Значит, он, Данька Яковлев, трус?
«Да, деваться некуда: я трус. Евгений Афанасьевич очень ясно это сегодня объяснил. Я не умею управлять своим воображением. А еще недавно, пока я этого не знал, все было так хорошо!.. Еще сегодня утром и потом — до самого последнего урока…»
— Пошли, — сказал наконец Саша.
— Пошли, — угрюмо ответил Даня.
Мальчики спустились с лестницы и стали молча прогуливаться по коридору около пионерской комнаты.
Даня был занят собой, Саша — Даней. Он смотрел на товарища с раздражением и состраданием, которые пытался скрыть.
— Ну что? Ну, подумаешь!..
Даня сразу остановился и через плечо яростно поглядел на Сашу:
— Ну как ты сам не понимаешь? Ведь это же позор! Позор!..
Саша пожал плечами.
Спору нет: довольно-таки неприятно три раза пытаться перепрыгнуть через рейку и ни разу не перескочить; неприятно, когда над тобой смеются. Но почему вот именно это такой уж невыносимый позор, а не позор, скажем, стоять у доски и хлопать глазами, когда тебя вызывают по алгебре? Между тем третьего дня это случилось. Даня еле-еле выплыл на подсказке и, заработав тройку, спокойно вернулся к себе на парту и принялся дочитывать «Плутонию». А уж что там ни говори, физкультура менее важный предмет, чем алгебра.
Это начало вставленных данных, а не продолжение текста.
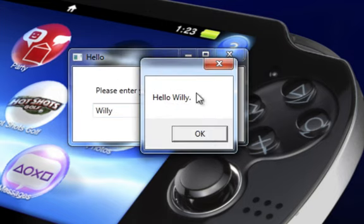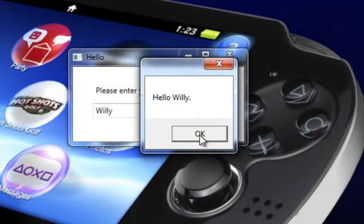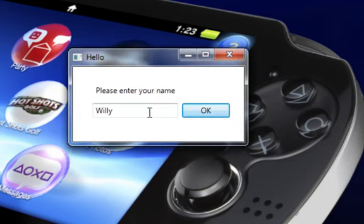This is going to be epic. It bloody opens a window and it says hello Willy. Just to show it works, I'm going to put Dave Ski.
Как бы там ни было, сейчас его не вразумить никакими силами, и Саша решил попросту заговорить о чем-нибудь другом.
Он сделал рассеянно-задумчивое лицо и сказал, не глядя на Яковлева:
— Ах да, забыл тебе сказать. В этом дневнике Миклухо-Маклая, что я тебе дам, есть одно место… Ты обязательно прочти. Понимаешь…
Но грозный взгляд товарища остановил Сашу на полуслове.
Маклай был для Дани не просто Маклаем — он был для него воплощением мужества. Ни о чем другом нельзя было заговорить более некстати.
Даня раздул ноздри, нахохлился и стал внимательно рассматривать носки своих башмаков.
Саша рассердился:
— Да ну тебя, Данька! Ну чего, в самом деле…
Неизвестно, чем бы кончился этот разговор, но в эту минуту дверь пионерской комнаты открылась и оттуда выглянула Зоя Николаевна Феоктистова — старшая вожатая.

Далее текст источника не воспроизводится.